ENTRAR EN UN CUADRO DE KLIMT

El otoño ha llegado este año en la madrugada del 29 al 30 de noviembre; es decir, en algún momento de la pasada madrugada. No me refiero al otoño astronómico, ese tan precisamente reglamentado, predicho y explicitado año tras año por las autoridades pertinentes; tampoco a ese otro otoño más sentimental e íntimo que cada uno experimentamos en un momento distinto, cuando realizamos por primera vez alguno de esos actos que nos alejan irremisiblemente del verano: calzarnos zapatos cerrados, taparnos por la noche con un edredón, salir a la calle con los brazos cubiertos, retomar antiguas preocupaciones.

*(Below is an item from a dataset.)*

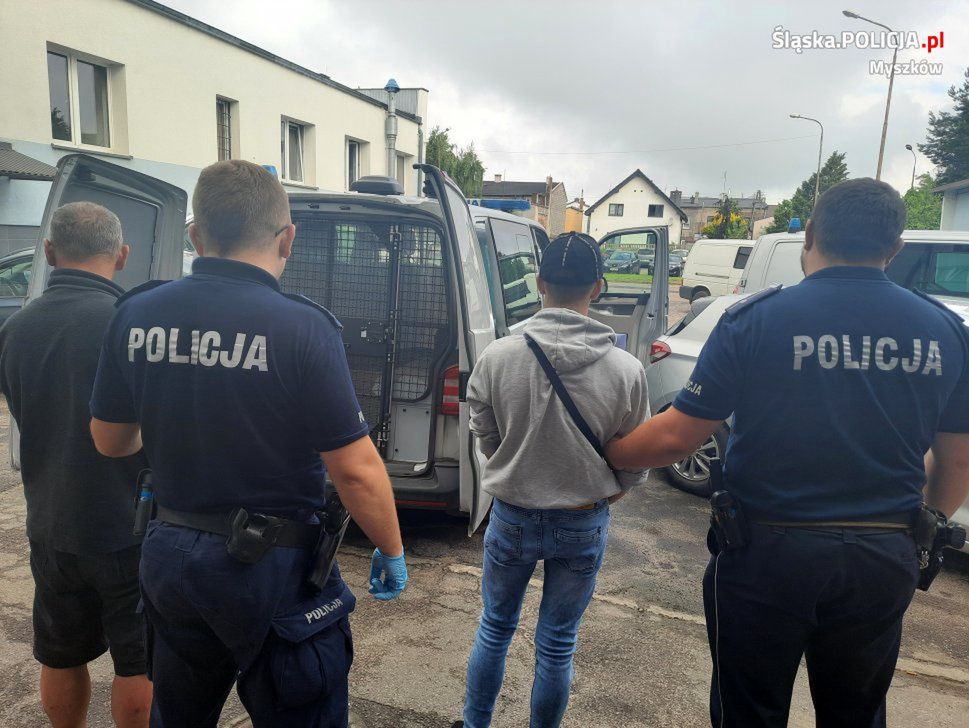 Myszków. Wspólną przejażdżkę ojca z synem zakończyli policjanci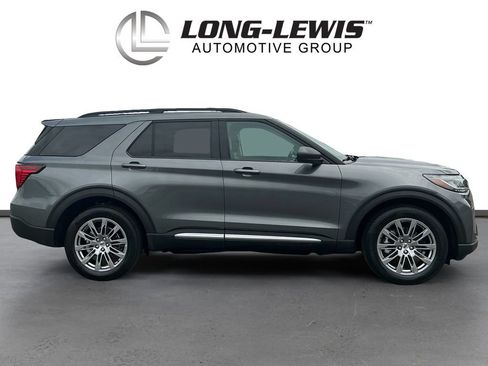 Used 2025 Ford Explorer Active w/ Active Comfort Package AWD/4WD image 8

Me estoy refiriendo a ese otoño que en el imaginario del niño que todos llevamos dentro está asociado de forma inevitable con un acto preciso y definitivo: la caída de las hojas. Y por las latitudes que habito eso ha ocurrido, como decía al principio, en algún momento de la madrugada entre ayer martes y hoy miércoles (perdónenme la imprecisión los astrónomos y expertos varios: esta entrada responde, como acabo de mencionar, a impulsos infantiles que con frecuencia se adueñan de mi persona). Puedo afirmar lo anterior porque al regresar a casa ayer por la noche dejé aparcado en la calle un coche de color azul oscuro y ese mismo vehículo, esta mañana temprano, estaba cubierto por una maravillosa capa de hojas de color amarillo. Es más: alrededor del coche, la acera y los parterres lucían tapizados de idénticas piezas relucientes. Erguidos en medio del desbordamiento amarillo, los árboles de mi calle parecían supervivientes de una noche de singular agitación. Casi diría que se les veía tambalearse, presas de un extremo agotamiento.

Antes de subirme al coche, miré a mi alrededor, maravillada. Empezaba a amanecer sobre ese mundo formado por la superposición de piezas de color dorado, ámbar, anaranjado. Entre todas componían las formas familiares de mi calle, el dibujo de las aceras y los volúmenes de los coches. Pero la imagen resultante era la de un universo nuevo, milagroso, transformado por su inesperada cobertura de oro. Fue como ver la trama del gigantesco tapiz que nos rodea. Fue, puedo asegurarlo, como ser catapultada de repente ―increíble regalo de este noviembre que se nos marcha― al interior de un cuadro de Klimt.